John Foreman

Personal information
- Full name: John James Foreman
- Date of birth: 6 October 1913
- Place of birth: Tanfield, County Durham, England
- Date of death: 1964 (aged 50–51)
- Height: 5 ft 8 in (1.73 m)
- Position: Winger

Youth career
- Tanfield Lea Institute

Senior career*
- Years: Team / Apps / (Gls)
- 1931–1932: West Stanley
- 1932–1933: Crook Town
- 1933–1934: Sunderland / 2 / (0)
- 1934–1937: West Ham United / 49 / (7)
- 1937: Bury / 4 / (1)
- 1937–1938: Swansea Town / 14 / (2)
- 1938: Workington
- 1938–1939: South Shields
- 1939: Hartlepools United / 0 / (0)

= John Foreman (footballer) =

English footballer

John James Foreman (6 October 1913 – 1964) was an English professional footballer who played as an outside right in the Football League for Sunderland, West Ham United, Bury and Swansea Town.
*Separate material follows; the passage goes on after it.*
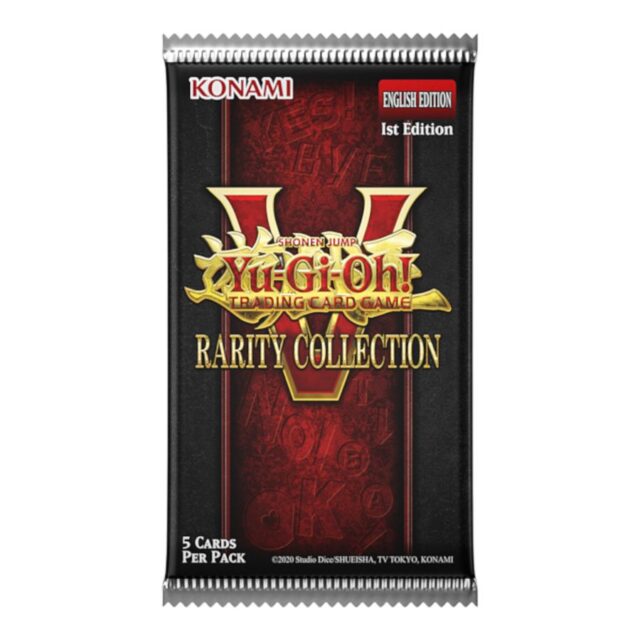 Yu-Gi-Oh! TCG Rarity Collection V RA05 Booster Pack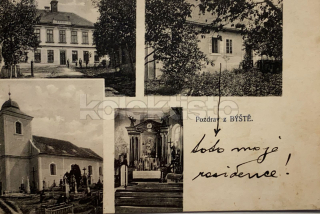 420 Kč PA Pohlednice Býšť, CZE119911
Previously with Sunderland, Foreman joined Second Division club West Ham United for the 1934–35 season. He made his debut on 29 September 1934, a home win against Plymouth Argyle, and made 23 League and cup appearances in his first season, scoring 3 goals. He followed this up with 20 League appearances, and 4 goals, in his second season. After losing his place to Stan Foxall in 1936-37, he moved to Bury.

Foreman played for Workington and South Shields, before joining Hartlepools United in 1939-40. He made three appearances for Pools before the League was suspended due to the outbreak of World War II.